Гурьев Ипполит Евгеньевич

Я, Гурьев Ипполит Евгеньевич, родился 19 сентября 1924 года в Ленинграде. Жили мы на Литейном проспекте. Мой дедушка, Иван Тимофеевич Батюшев, родился в 1875 году и был статским советником, служил в военном ведомстве, располагавшемся в Михайловском замке. Там же у него была квартира. Но это, конечно, не афишировалось, и если мы, дети, спрашивали, то бабушка отвечала: «Ну, мещане, мещане мы. Жили в Петербурге». Дедушка умер в 1928 году. Помню, как его отпевали в церкви. Мои мама и бабушка были людьми очень религиозными. Помню, по дороге в детский сад, который тогда назывался «Очаг», мама говорила: «Сначала зайдём к Боженьке». Я с мамой к Боженьке ходил с тех пор, как себя помню. Так с добрыми словами матери я познал православие. Познал, что существует Бог. Да, потом я был в комсомоле и не мог носить крест, но всё равно у меня сохранилось то, что мне дала мать. Я остался православным. Искоренить православие из человека не так-то легко.

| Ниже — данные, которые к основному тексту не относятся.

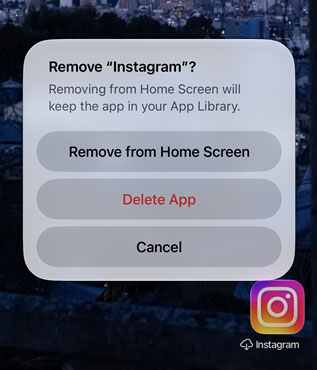 remove instagram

Мои родители рано расстались. Мама в 1933 году умерла, и мы с сестрой остались, можно сказать, сиротами. Некоторое время мне пришлось провести в детском доме. Я слышал, что у мамы была страховка, и пришел в Ленэнерго, где она работала. Стал просить их помощи, просил что-то там сделать. Но мне сказали, что это уже поздно. Всё же они меня приголубили. Просто были добрые люди. Устроили меня на корабль, принадлежавший Ленэнерго и занимавшийся обслуживанием подводных кабелей. Юнгой тогда не называли, а называли учеником матроса. Впервые, я поднялся на борт корабля «Норек» 14 апреля 1941 года. Место нашей стоянки было у моста имени лейтенанта Шмидта. Ходили по всей Ленинградской акватории, от Ладожского озера до Кронштадта. Экипаж «Норека» составлял 29 человек. С нами сотрудничала артель водолазов, находившаяся на 8-ой Линии Васильевского острова. Я выполнял обязанности матроса. Конечно, по мере своих сил. Веса-то во мне было хорошо, если пятьдесят килограмм, и рост был маленький: всего 160 сантиметров. Нам были приданы понтоны, на которых устанавливались подъемные краны, снаряжения для водолазов, подъемники для кабеля. Технология такая: вот где-нибудь повреждён кабель. Есть служба измерения, испытания. Она находит локализацию этого повреждения. Дальше идёт задача кабель поднять, найти повреждённое место. Скорее всего это «муфта», а муфта – это соединение кабеля. Вот кабель идёт. Кончилась бухта кабеля, надо присоединить следующую. Ставится «муфта» – это такое техническое соединение двух кабелей. Она имеет технологию монтажа. Провода одного и другого кабеля соединяются. Дальше на них надевается бронированная защита, а предварительно туда заливается изолирующая масса, которая держит всё это в покое. Когда всё соединят, кабель отправляют опять в воду. Вот именно муфты чаще всего портились. На этой работе должны трудиться очень квалифицированные мастера.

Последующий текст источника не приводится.